Just from reading the headline document - which you can read here - the messages coming from the Dasgupta Report are powerful (the full report is some 600 pages and will take some digesting!). This independent report has been produced for HM Treasury and presents some stark warnings and clear messages to Government on how important a structured - and structural - view on biodiversity and climate change truly is. One of the headlines that hit home to me was: "at the heart of the problem lies deep-rooted, widespread institutional failure." Dasgupta elaborates by saying:
"Many of our institutions have proved unfit to manage the externalities. Governments almost everywhere exacerbate the problem by paying people more to exploit nature than to protect it, and to prioritise unsustainable economic activities. A conservative estimate of the total cost globally of subsidies that damage nature is around US$4 to 6 trillion per year. And we lack the institutional arrangements needed to protect global public goods, such as the ocean or the world’s rainforests."
This struck a chord with me because there is such a conflict between an individual's response to the perils of climate change - reducing plastic waste, perhaps, or eating less or no meat - and the enormity of the problem at a structural level, when as a society we are still actively paying to damage rather than protect our natural environment.
This is not to say that individual action is valueless; indeed, systemic change is most powerful when it comes hand-in-hand with grassroots action. One individual can feel powerless to effect meaningful change, but en masse people can make an impact - through their decisions on the individual consumption but also through the pressure we place on key organisations in the public and private sectors to radically change their priorities. But it is clear from the Dasgupta Report just how much more is needed at an institutional, national and international level if there is to be any hope of preventing further diminishing of biodiversity and of reducing the impacts of climate change.

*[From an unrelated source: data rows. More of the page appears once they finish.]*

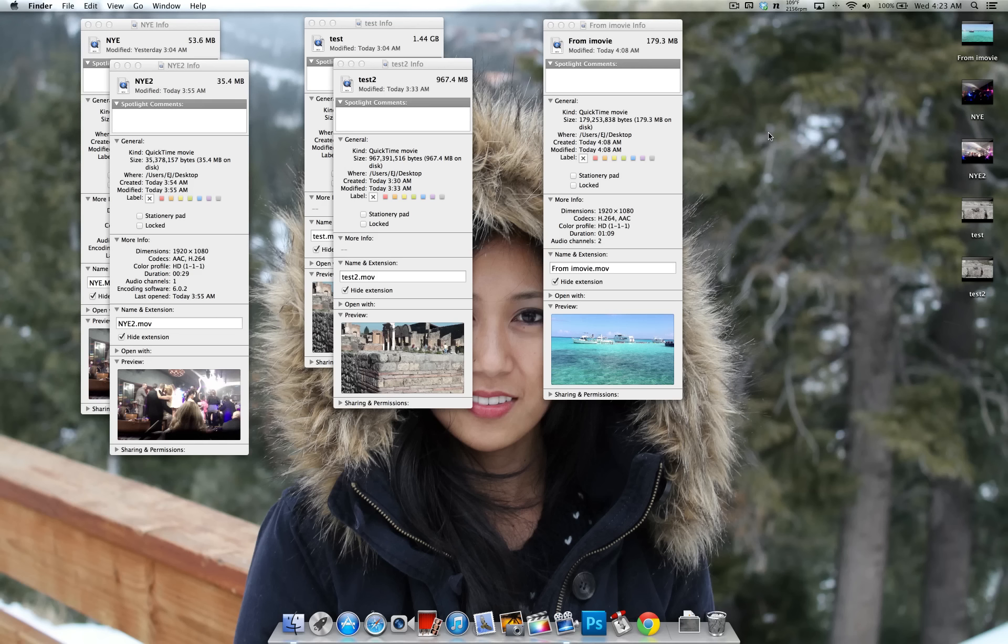In this video I'll show you how you can cut your video file size in almost half without losing much if any video quality after you've exported it.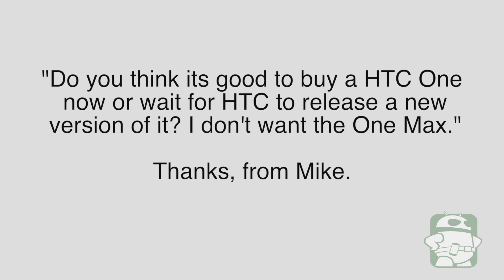Question number two came from Mike. Mike said, do you think it's a good idea to buy the HTC One now or wait for HTC to release a new version of it? I don't want the One Max. Thanks. Are you really wedded to HTC as a brand or do you just want the best Android experience on a large screen?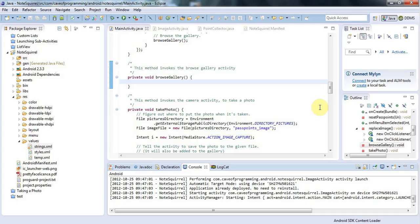Hello, this is John from caveofprogramming.com and in this tutorial we're going to look at how you can allow your application to let the user select a picture from the gallery.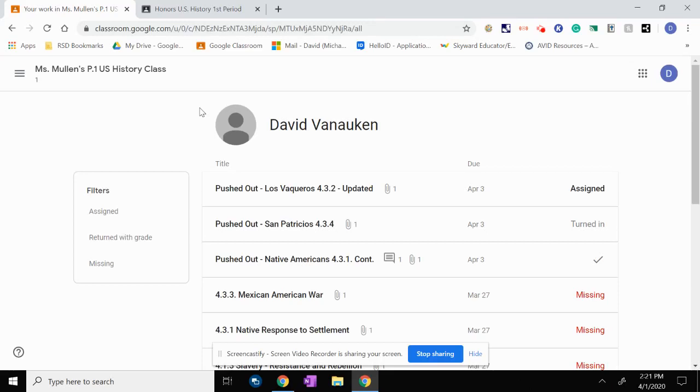What we're going to get into next is I'm going to show you how a student is going to access the assignment and turn that assignment in.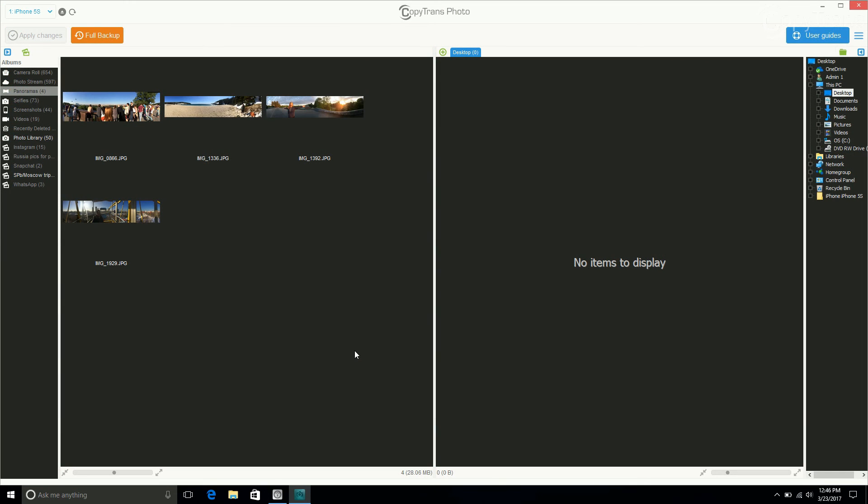Alternatively, if you want to transfer a specific album, follow the same steps as previously mentioned, only don't click on Full Backup. Instead, select the location from the right-hand panel where you want your photos to be saved.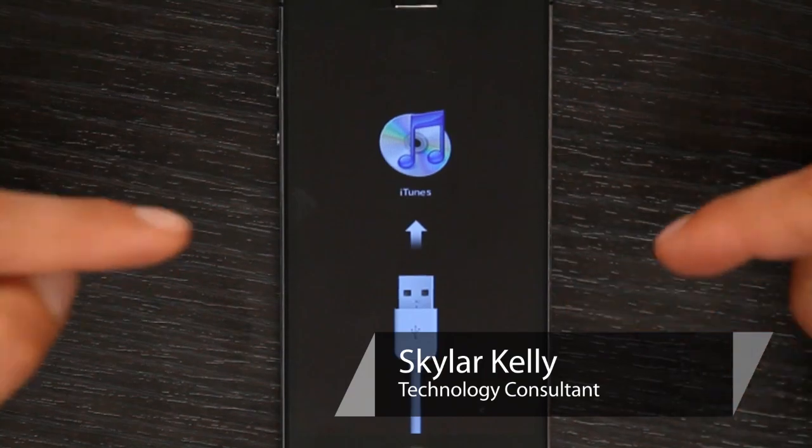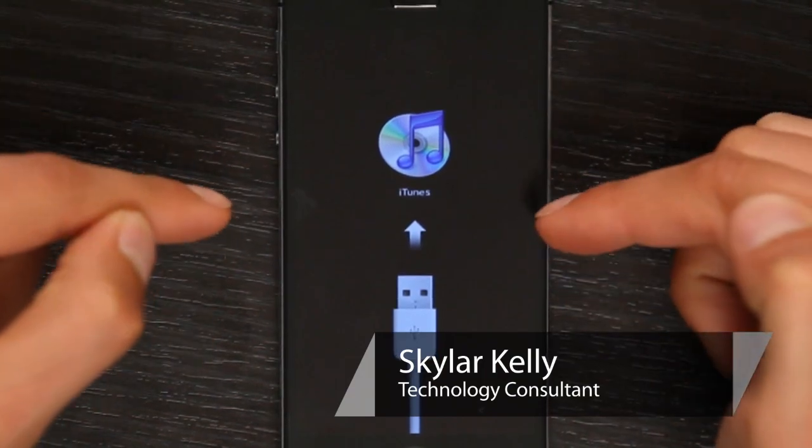Hi, I'm Skyler. If your iPhone is showing you this image, it probably means that something got corrupted when you updated the operating system.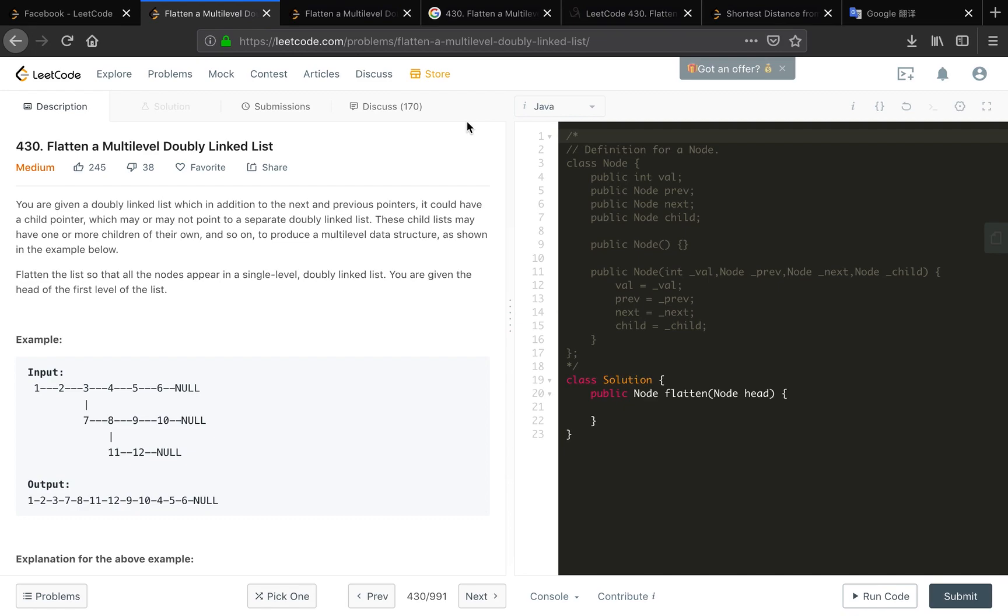As shown in the example below, flatten the list so that all the nodes appear in a single level doubly list. You are given the head of the first level of the list. Let's see the example: one, two, three. Three has a child so we go to the seven.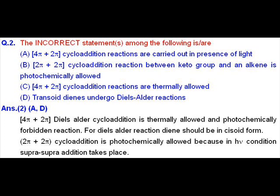In option A, it states that 4+2π cycloaddition reactions are carried out in the presence of light. This is wrong — it is incorrect because the 4+2π cycloaddition is a Diels-Alder reaction and it is carried out in the presence of heat, not light.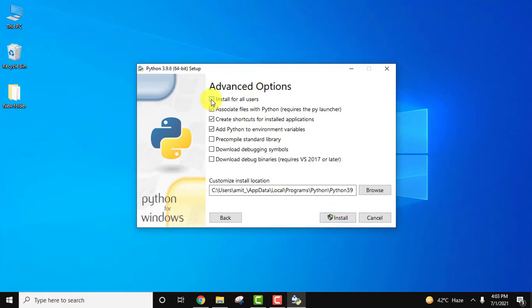Advanced options: install for all users. You can select it if your system is used by more than one people. I am the only person using this system, but still I always prefer to check this option.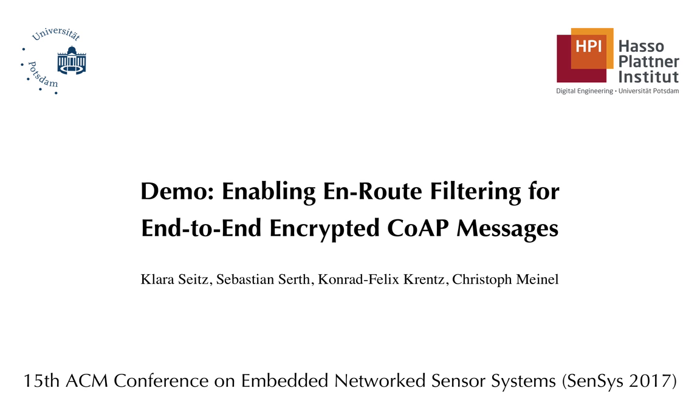Welcome to our demo on on-route filtering for end-to-end encrypted CoAP messages. We demonstrate the implementation of our concept. Our concept introduces a trusted gateway which will only forward packets which have passed an inspection. For this, the gateway can decrypt the messages.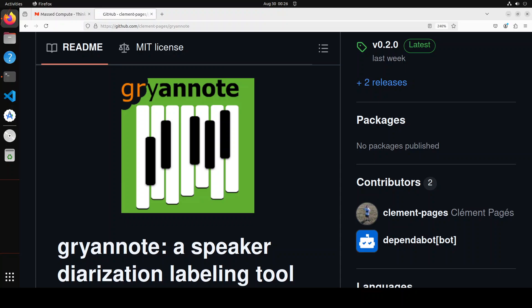Hello guys and welcome to the channel. In this video we are going to install this Gryannote tool locally on our system. This tool is a collection of Gradio custom components focusing on the labeling of speaker diarization data.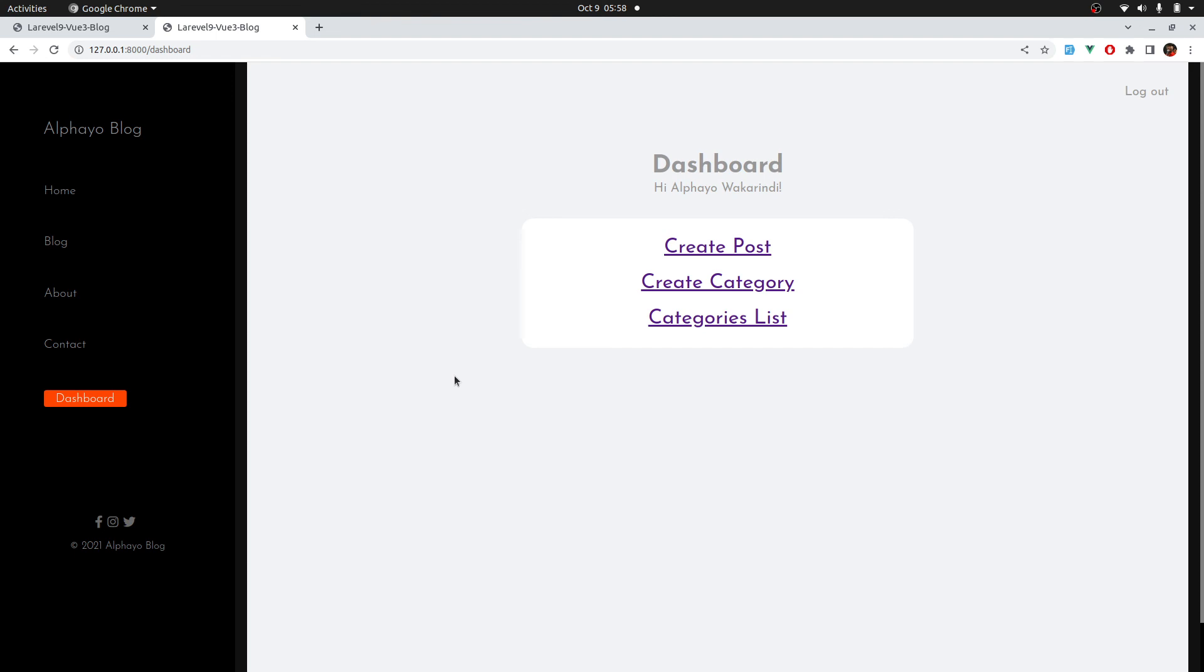That's it for this lesson. In the next lesson, let's see how to clear the local storage when someone's session expires. See you then. Cheers.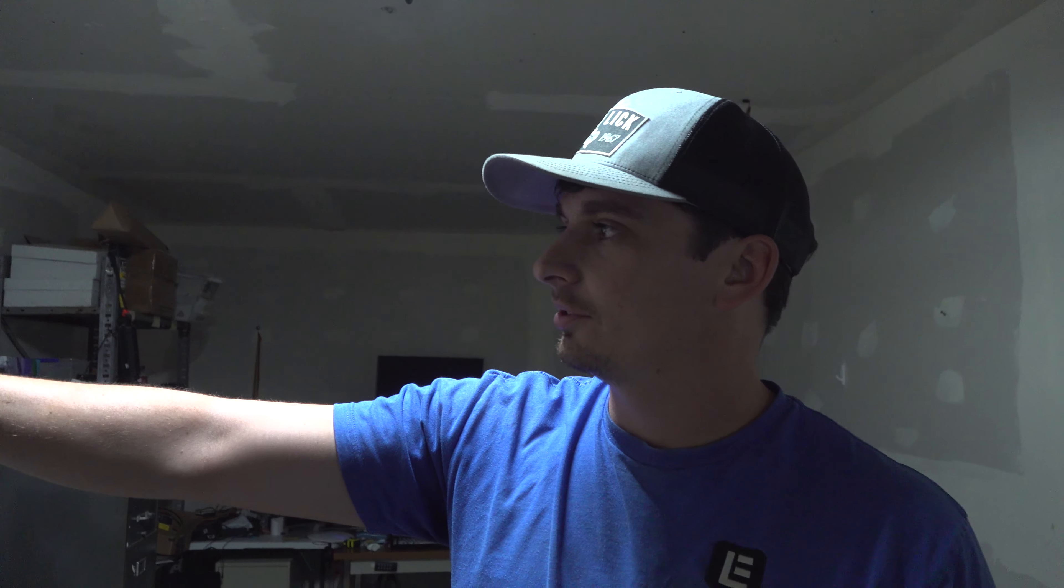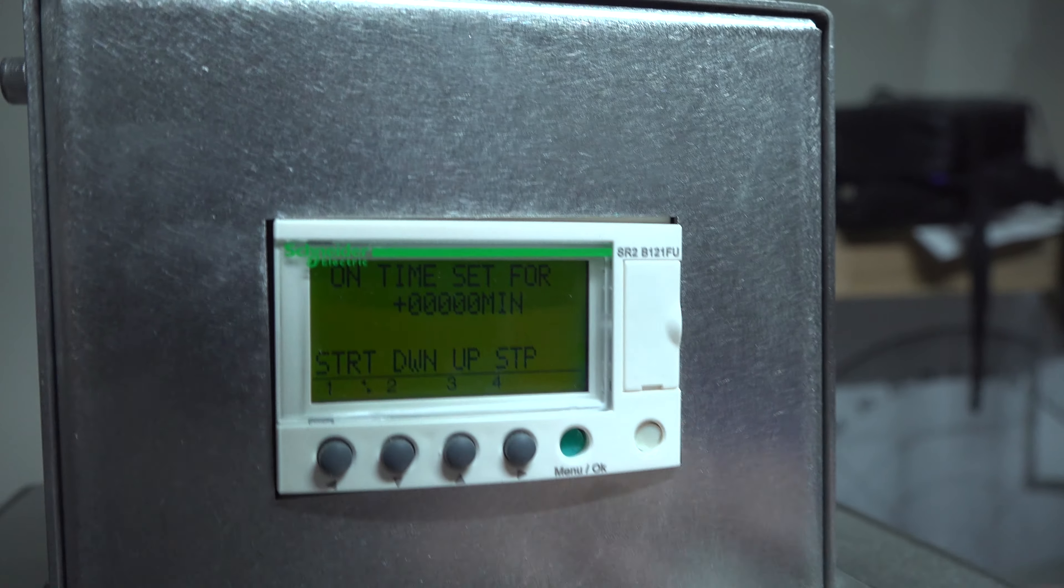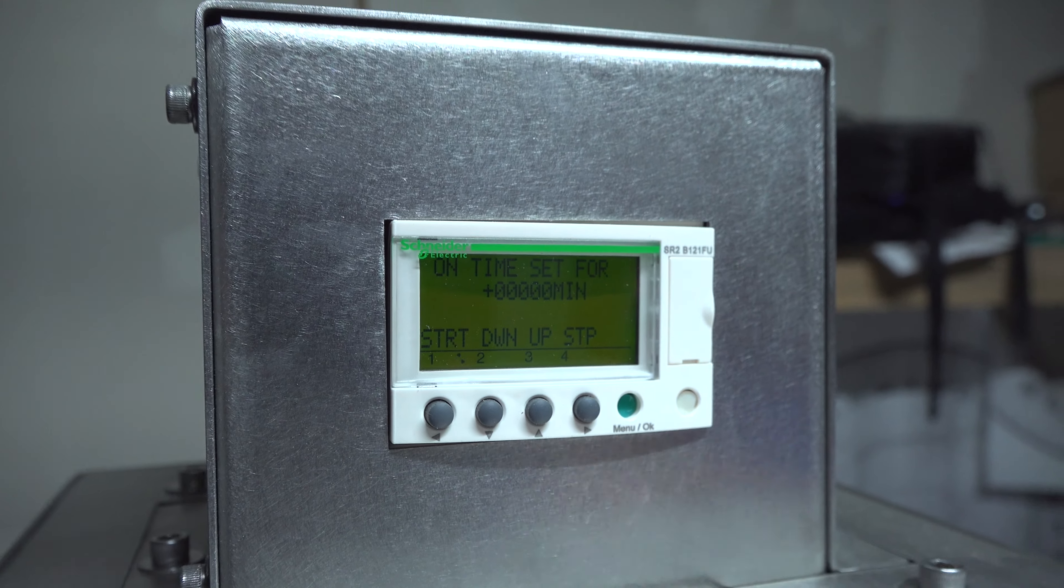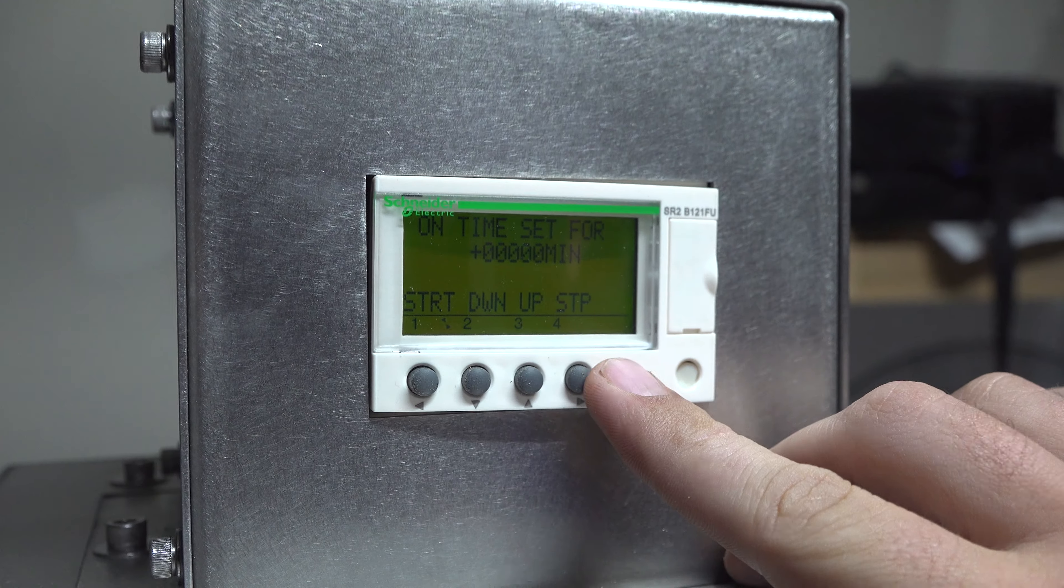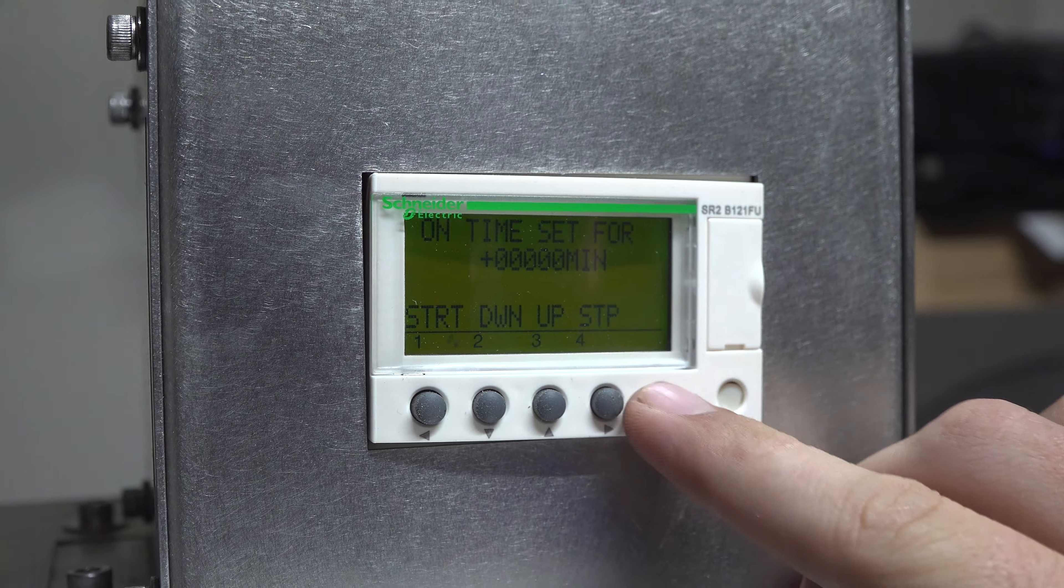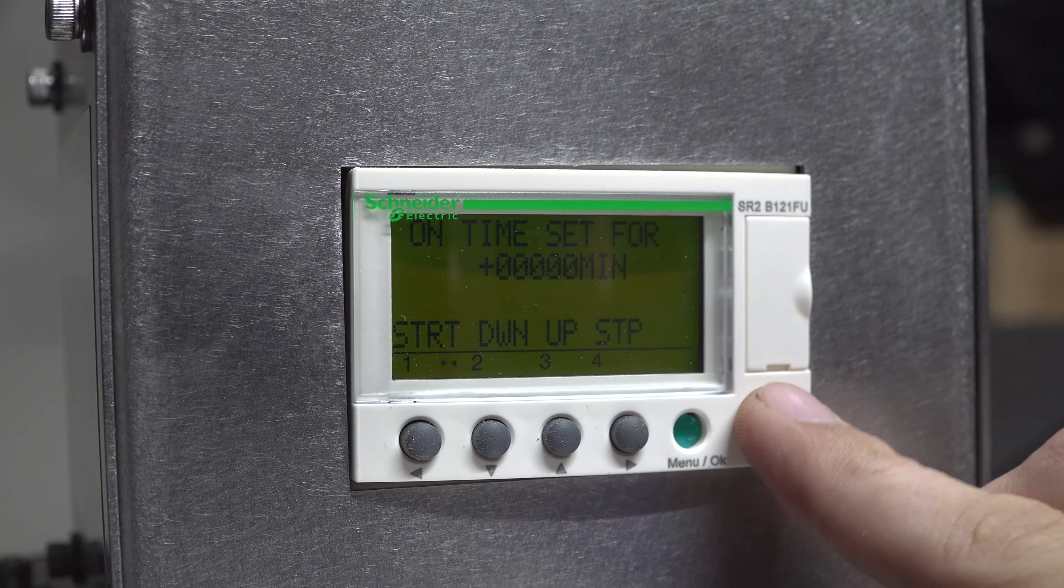Today we're going to show you how to operate the digital timer on all of our UBC products that come equipped with one. The interface is pretty simple. We have four buttons here. These two buttons are cut flush.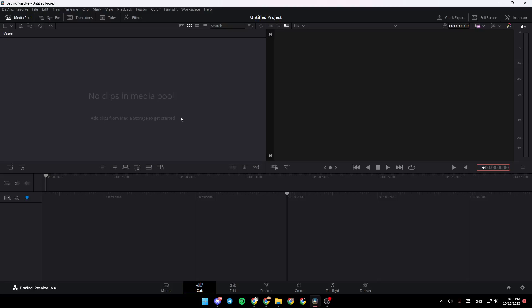Hello everyone and welcome back to a new video. In this video I'm going to show you how to fix DaVinci Resolve 18 playback lag. If you want to learn how to do it, just follow the steps I'm going to show you.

More generally I cannot help but think back to the Stern Review on the economics of climate change, published in 2006. It was self-evident then that the costs of unchecked climate change would far outweigh the costs of preventing or reducing that climate change, and yet despite the overwhelmingly compelling economic argument posed a decade and a half ago, we are here again with the Dasgupta Review, needing to demonstrate the economic argument for addressing man's impact on our environment. When the moral argument isn't enough, we must hope that Government is compelled by the economic argument for addressing biodiversity, and that the impact of this report is felt in, and responded to by, central Government and that the effects cascade throughout our institutions and systems.